> _What the task requires_:
Directions for the data below: repeat exactly the lines from the one with "Meuble évier ECO" through the one with "Brilagi - Plafonnier", both included, and omit all pictures.

> _Material for this exercise_:
--*--

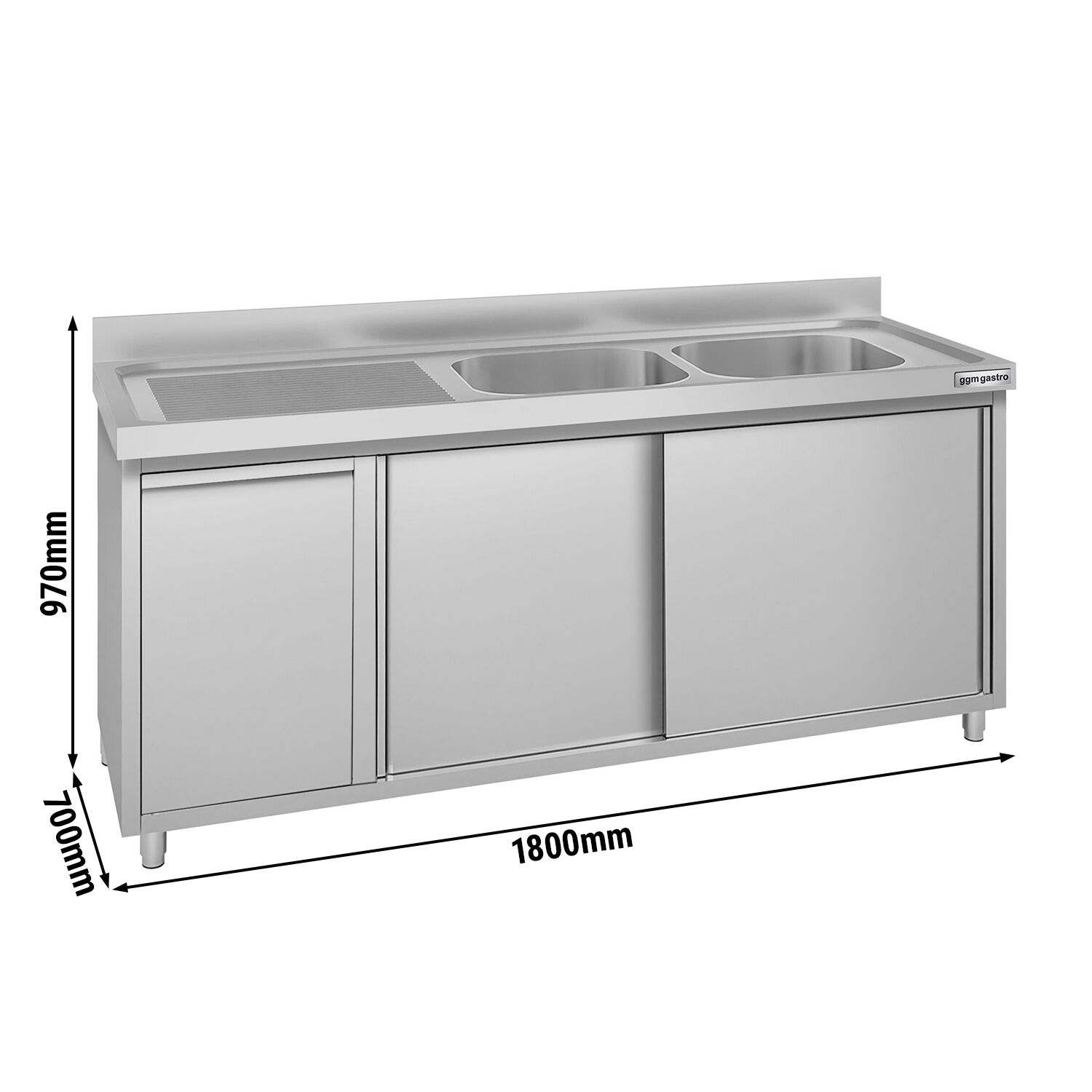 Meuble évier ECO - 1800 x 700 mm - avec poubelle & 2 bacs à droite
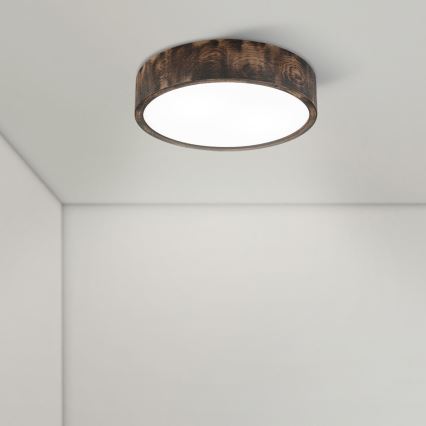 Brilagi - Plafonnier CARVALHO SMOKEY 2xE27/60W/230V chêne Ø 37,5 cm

--*--

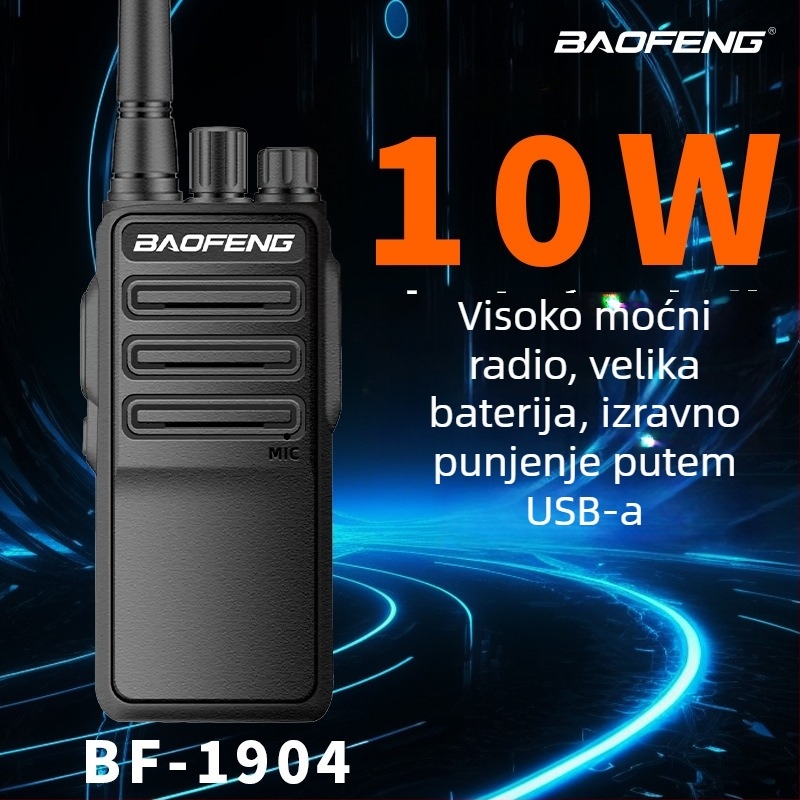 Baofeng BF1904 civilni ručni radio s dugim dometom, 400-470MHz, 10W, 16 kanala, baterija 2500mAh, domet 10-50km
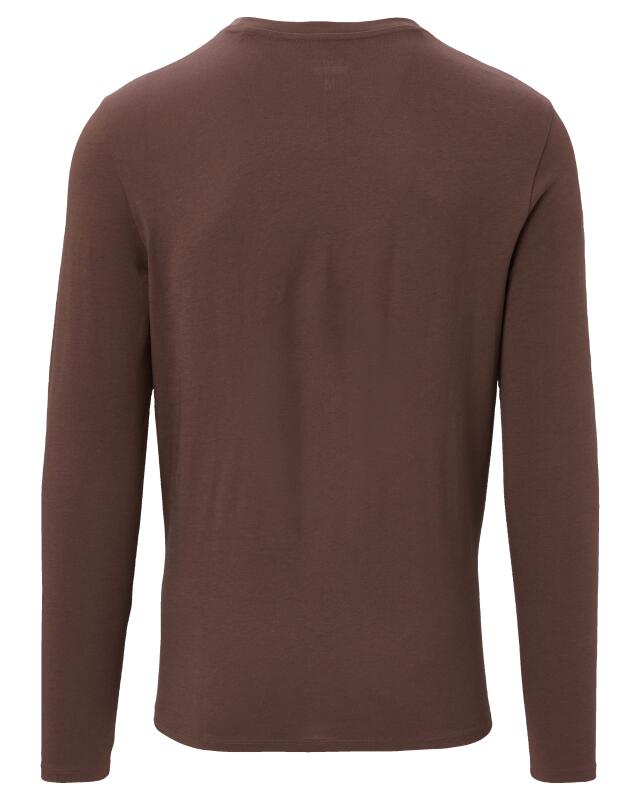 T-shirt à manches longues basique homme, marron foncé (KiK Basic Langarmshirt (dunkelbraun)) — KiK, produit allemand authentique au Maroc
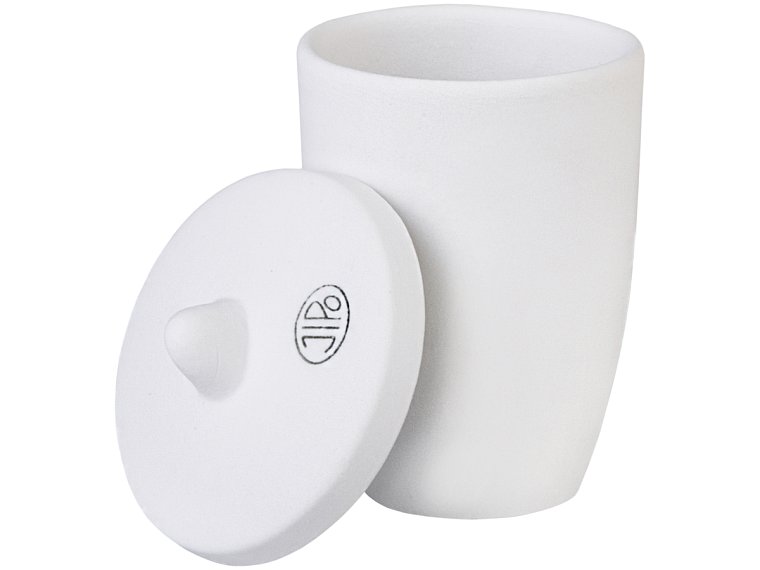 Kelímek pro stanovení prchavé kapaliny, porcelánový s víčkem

--*--

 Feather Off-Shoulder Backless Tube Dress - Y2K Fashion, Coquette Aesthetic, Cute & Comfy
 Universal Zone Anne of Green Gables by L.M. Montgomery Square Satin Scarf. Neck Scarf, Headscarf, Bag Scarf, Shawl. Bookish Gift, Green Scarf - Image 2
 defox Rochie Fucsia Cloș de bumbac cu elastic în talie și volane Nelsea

--*--

> _Expected answer_:
 Meuble évier ECO - 1800 x 700 mm - avec poubelle & 2 bacs à droite
 Brilagi - Plafonnier CARVALHO SMOKEY 2xE27/60W/230V chêne Ø 37,5 cm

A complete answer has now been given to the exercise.